▶ [INPUT RECORDS]
---
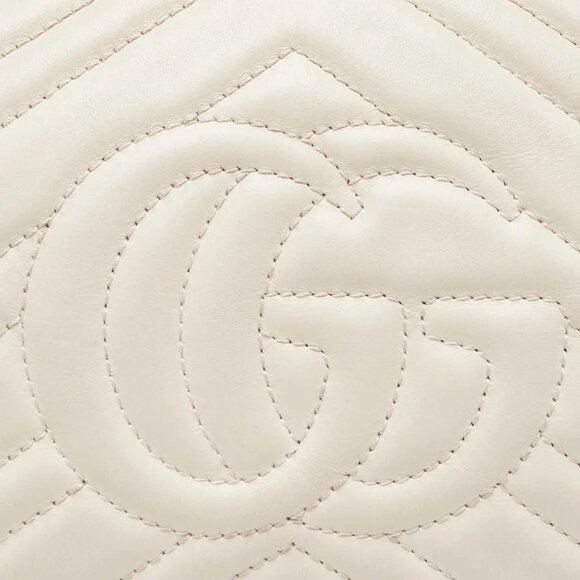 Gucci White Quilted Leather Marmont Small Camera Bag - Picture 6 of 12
---
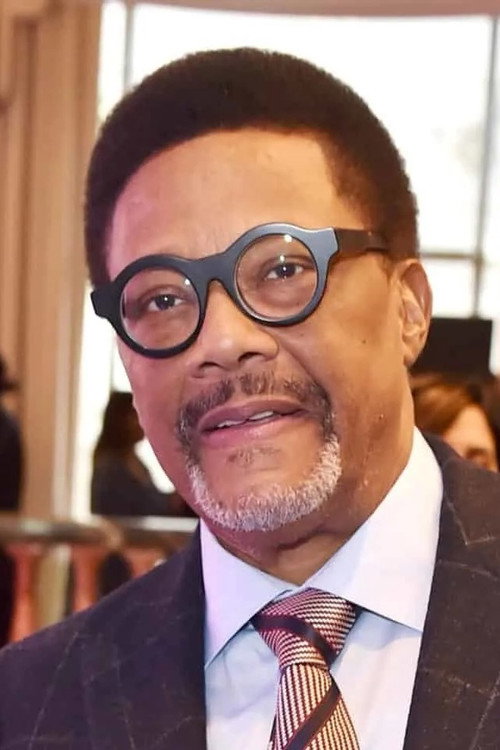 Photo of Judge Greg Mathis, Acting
---
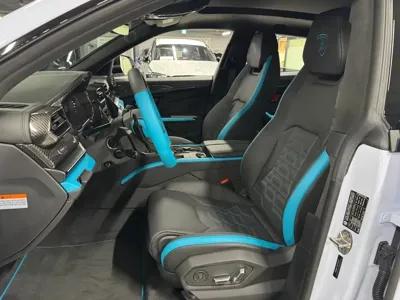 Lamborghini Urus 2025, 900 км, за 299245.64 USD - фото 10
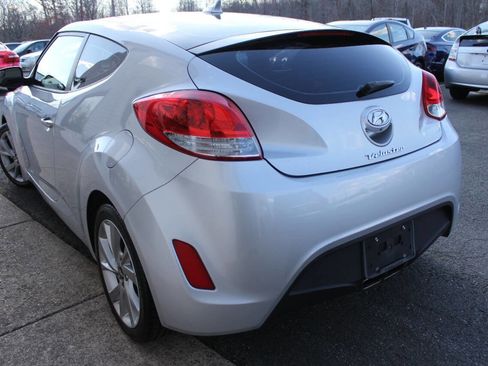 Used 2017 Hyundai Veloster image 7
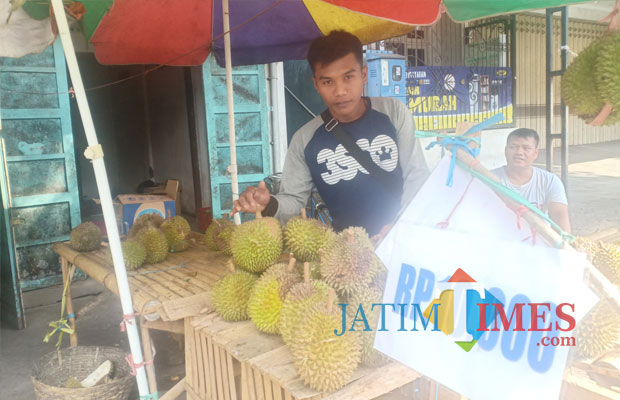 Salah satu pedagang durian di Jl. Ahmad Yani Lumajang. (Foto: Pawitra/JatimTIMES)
---
In the material above, which lines fall between the one holding "Used 2017 Hyundai Veloster image 7" and the one holding "Salah satu pedagang", inclusive? Print exactly those, with the pictures left out.

▶ [RESPONSE BOX]
 Used 2017 Hyundai Veloster image 7
 Salah satu pedagang durian di Jl. Ahmad Yani Lumajang. (Foto: Pawitra/JatimTIMES)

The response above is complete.